- [PROBLEM TO SOLVE]: An exact transcription of the listing, without its images, is what the answer must contain.
____
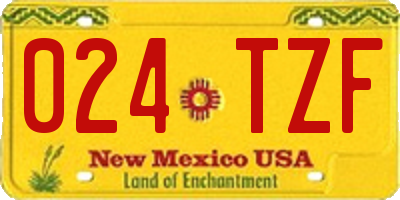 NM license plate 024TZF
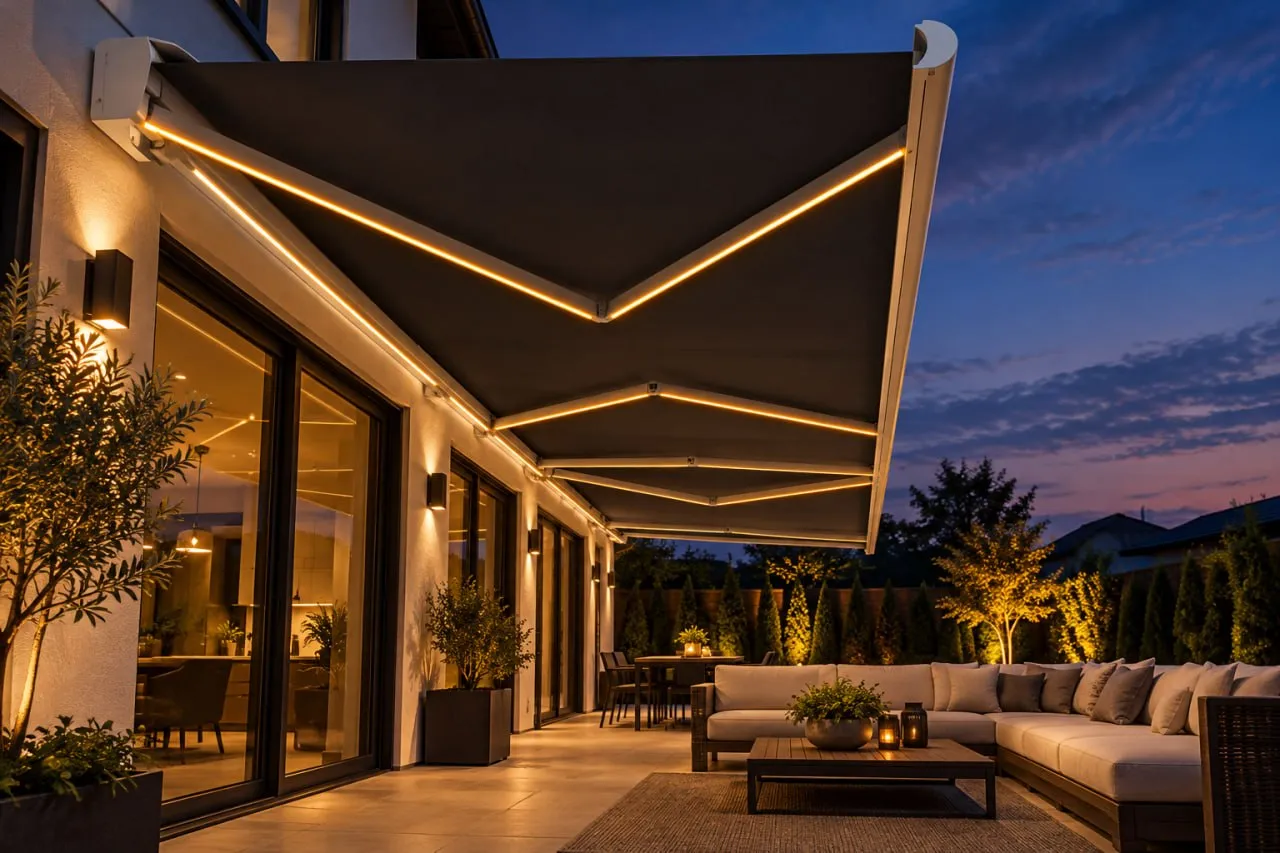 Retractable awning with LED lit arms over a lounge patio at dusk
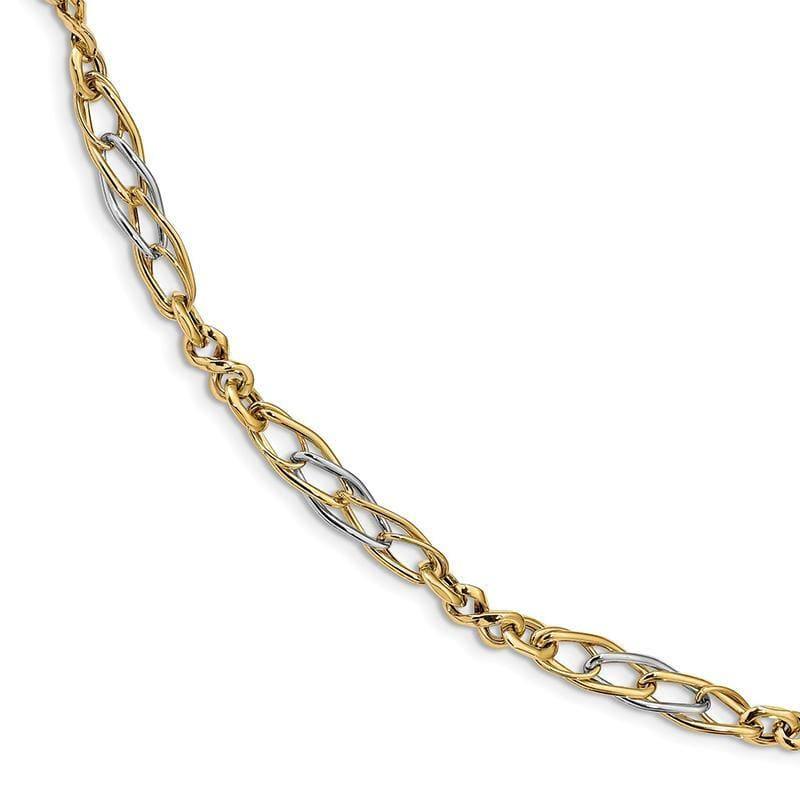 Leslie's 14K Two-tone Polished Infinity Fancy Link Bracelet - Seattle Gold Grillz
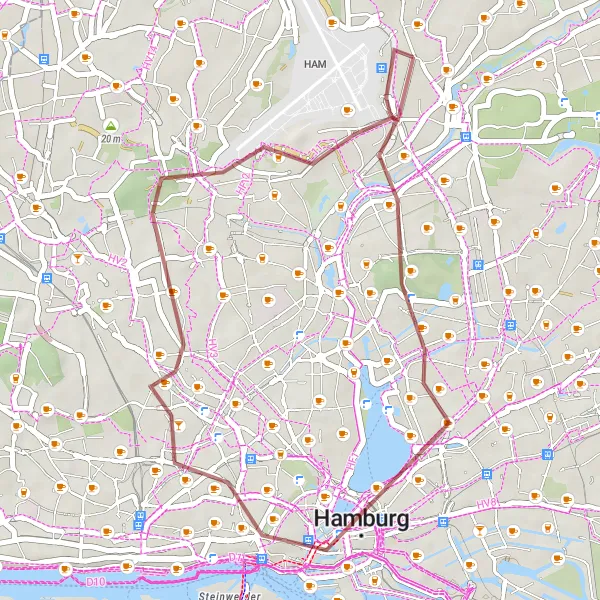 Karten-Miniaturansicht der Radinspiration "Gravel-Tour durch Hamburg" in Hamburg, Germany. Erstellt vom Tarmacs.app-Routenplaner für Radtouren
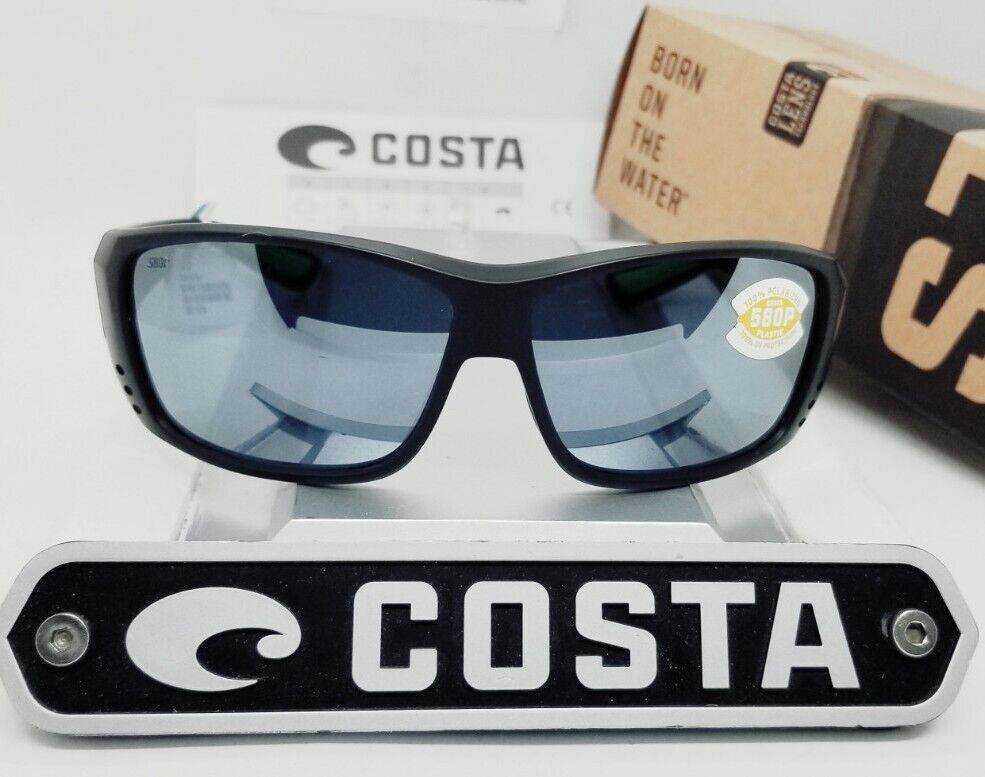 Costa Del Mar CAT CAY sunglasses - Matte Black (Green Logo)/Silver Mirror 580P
____
- [RESPONSE AREA]:
 NM license plate 024TZF
 Retractable awning with LED lit arms over a lounge patio at dusk
 Leslie's 14K Two-tone Polished Infinity Fancy Link Bracelet - Seattle Gold Grillz
 Karten-Miniaturansicht der Radinspiration "Gravel-Tour durch Hamburg" in Hamburg, Germany. Erstellt vom Tarmacs.app-Routenplaner für Radtouren
 Costa Del Mar CAT CAY sunglasses - Matte Black (Green Logo)/Silver Mirror 580P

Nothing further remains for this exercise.